The "horizon line" used to divide above from below could be the vehicle-relative horizon, the absolute horizon, or some other line derived from the sensor data. This probably doesn't matter too much. The driving system needs to slow down when faced with an overhead obstacle until it gets close, at which point the map data should be good enough that we can tell if the vehicle can get under it. There may be a false-alarm problem going up steep hills, with the hill ahead looking like an overhead obstacle. But that just slows down hill climbing; it doesn't stop it.
Updating the map
It's probably easiest, from a data volume standpoint, if we give the vision systems enough attitude and location info that they can conver their coordinates to map cell coordinates. They can then generate update events for map cells. This gets the data volume down to a reasonable level. We'll only have a few thousand, at most, map cells being updated at any one time. Updates basically consist of a big array of update items containing the same information as a map cell, plus some indication of confidence for each update item.
The map merge operation will be one of the most critical components that determines system performance. There's a bit of Bayesian inference involved here. Moravec's papers go into this in some detail. The basic operation is weighted averaging. Averaging is not sufficient, though. We may need to deal with outliers and bimodal distributions. We may be able to use Bayesian theory to help us here. But we probably need to collect some live data first.
Scrolling the map
Logically, the map is relative to the vehicle, and the data in the map is shifted and rotated as the vehicle moves.. In practice, it seems to work better if the map never rotates with respect to the ground. . The map is scrolled as the vehicle moves, or the data is moved from cell to cell.
Decaying the map.
Over time, new data added to the map replaces old data, in a low-pass filter sense. This gives us some resilience should the environment not be static. The system doesn't really handle a changing environment, but, over time, the map information about old obstacles decays. So if we're stopped by a tumbleweed, and it then blows away, we can proceed. (The vehicle can drive around obstacles, of course. But not through them.)

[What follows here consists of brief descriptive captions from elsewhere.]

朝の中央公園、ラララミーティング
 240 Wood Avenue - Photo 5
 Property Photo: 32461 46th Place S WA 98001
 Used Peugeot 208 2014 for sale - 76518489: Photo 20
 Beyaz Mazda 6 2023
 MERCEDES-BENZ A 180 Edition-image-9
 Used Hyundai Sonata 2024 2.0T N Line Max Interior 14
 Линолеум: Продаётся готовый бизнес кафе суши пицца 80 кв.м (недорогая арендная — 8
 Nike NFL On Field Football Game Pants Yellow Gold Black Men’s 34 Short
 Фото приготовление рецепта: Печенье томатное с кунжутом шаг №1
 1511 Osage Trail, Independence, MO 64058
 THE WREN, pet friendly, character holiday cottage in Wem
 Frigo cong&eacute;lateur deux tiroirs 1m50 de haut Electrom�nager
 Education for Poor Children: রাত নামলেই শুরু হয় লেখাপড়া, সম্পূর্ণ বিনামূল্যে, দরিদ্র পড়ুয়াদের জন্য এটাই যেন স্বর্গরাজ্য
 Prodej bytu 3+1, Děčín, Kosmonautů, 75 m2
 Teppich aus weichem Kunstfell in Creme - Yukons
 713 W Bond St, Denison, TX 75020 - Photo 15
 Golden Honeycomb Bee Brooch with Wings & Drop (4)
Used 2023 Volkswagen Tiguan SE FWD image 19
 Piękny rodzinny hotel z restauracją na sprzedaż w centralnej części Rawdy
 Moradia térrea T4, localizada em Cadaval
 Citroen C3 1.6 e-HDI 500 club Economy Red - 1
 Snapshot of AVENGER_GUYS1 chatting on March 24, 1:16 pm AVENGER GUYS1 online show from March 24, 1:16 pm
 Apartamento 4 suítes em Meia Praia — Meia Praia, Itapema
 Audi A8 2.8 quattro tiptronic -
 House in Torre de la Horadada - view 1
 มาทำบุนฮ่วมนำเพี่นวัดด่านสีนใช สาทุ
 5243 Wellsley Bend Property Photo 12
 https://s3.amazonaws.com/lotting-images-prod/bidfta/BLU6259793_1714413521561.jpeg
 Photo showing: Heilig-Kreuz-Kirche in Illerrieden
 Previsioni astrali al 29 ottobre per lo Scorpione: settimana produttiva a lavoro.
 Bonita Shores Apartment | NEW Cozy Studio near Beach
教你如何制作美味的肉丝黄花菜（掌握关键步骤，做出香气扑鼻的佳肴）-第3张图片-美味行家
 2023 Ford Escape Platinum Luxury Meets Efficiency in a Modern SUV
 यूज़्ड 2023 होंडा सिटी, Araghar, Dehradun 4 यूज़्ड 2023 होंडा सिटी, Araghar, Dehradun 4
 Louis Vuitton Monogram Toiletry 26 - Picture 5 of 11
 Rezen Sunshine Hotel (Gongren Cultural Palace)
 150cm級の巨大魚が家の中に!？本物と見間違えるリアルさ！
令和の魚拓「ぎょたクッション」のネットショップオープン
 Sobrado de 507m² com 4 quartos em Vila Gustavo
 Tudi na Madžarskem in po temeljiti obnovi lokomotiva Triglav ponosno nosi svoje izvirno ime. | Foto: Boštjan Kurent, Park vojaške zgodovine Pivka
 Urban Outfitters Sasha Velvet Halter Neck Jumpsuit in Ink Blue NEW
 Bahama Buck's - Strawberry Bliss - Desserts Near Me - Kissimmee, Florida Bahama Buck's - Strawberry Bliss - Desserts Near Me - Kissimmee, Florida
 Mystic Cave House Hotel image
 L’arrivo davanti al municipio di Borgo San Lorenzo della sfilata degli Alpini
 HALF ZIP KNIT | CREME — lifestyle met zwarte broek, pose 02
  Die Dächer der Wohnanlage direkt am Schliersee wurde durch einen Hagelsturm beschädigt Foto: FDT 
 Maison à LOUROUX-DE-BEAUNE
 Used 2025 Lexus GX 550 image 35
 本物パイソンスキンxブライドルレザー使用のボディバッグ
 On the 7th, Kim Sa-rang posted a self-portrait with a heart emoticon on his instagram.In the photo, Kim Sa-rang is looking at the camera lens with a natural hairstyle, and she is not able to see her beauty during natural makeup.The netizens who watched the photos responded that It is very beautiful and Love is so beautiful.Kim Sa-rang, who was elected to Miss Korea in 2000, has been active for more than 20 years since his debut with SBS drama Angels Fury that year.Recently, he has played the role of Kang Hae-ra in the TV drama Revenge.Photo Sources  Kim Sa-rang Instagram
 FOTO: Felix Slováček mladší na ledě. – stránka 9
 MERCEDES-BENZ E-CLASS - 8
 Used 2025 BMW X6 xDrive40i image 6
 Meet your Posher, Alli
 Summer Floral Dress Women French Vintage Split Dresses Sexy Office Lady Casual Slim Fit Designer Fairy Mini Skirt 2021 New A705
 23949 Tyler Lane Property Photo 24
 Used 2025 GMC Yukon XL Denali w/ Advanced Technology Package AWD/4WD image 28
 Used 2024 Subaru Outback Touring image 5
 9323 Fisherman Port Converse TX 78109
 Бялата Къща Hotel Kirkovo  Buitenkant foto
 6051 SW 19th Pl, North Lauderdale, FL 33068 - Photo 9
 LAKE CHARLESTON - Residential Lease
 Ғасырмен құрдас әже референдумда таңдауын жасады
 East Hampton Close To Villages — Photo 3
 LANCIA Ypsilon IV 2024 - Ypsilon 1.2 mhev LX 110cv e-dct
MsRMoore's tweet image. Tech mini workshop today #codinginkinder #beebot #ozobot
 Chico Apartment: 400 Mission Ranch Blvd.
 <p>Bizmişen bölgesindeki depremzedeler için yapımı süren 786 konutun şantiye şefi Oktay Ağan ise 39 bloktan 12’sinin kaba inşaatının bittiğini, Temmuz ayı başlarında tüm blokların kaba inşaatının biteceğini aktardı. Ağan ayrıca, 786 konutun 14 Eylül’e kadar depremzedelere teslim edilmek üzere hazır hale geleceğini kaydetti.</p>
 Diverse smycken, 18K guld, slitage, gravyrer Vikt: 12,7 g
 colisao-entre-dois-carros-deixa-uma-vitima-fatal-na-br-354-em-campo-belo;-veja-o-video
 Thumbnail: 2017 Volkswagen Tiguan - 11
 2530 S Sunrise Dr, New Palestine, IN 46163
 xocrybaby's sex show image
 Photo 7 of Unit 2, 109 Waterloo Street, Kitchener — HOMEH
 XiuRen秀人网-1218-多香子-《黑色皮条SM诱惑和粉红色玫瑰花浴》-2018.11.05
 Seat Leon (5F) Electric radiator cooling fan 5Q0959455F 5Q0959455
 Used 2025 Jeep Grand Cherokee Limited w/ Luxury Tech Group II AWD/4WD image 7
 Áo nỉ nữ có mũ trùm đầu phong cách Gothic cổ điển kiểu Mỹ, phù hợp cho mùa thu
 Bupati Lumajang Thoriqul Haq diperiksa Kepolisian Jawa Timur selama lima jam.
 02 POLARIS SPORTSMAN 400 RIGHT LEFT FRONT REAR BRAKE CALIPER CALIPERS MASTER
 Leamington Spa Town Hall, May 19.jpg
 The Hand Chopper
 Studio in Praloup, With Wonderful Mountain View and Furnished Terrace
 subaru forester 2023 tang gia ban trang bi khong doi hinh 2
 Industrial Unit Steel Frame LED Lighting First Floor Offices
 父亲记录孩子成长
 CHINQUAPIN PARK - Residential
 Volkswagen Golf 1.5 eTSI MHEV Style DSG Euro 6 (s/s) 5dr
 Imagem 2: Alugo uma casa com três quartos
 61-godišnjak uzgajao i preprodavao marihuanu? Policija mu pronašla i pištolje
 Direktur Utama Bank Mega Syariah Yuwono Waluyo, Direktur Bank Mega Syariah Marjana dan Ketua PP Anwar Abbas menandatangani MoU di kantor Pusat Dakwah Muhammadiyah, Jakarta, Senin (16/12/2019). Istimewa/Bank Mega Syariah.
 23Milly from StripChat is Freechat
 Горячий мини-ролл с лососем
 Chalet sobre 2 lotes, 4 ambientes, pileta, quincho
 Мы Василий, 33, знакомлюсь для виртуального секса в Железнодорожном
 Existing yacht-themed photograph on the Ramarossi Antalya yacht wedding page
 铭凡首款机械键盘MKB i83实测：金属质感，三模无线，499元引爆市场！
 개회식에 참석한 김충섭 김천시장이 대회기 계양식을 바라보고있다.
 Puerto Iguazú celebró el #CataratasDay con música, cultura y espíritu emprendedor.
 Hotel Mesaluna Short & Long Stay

The map contains information about places we have seen, but can't currently see. This is marginally useful. Maybe for backing up.
All the sensor systems, the near and far vision systems and the microwave rangefinders, all update the same map. This is where the sensor data comes together. Some of those systems may also have more direct control over the vehicle, like stopping it from hitting something or going over a cliff. But they also update the map. We could drive completely blind at creeping speed if we put enough of those little microwave rangefinders on the vehicle. (Say, three on the front bumper pointed down to watch for cliffs, one on either side i in front for side obstacles, the main Vortec radar straight ahead, and two on the back bumper for backing up.) That's probably worth doing.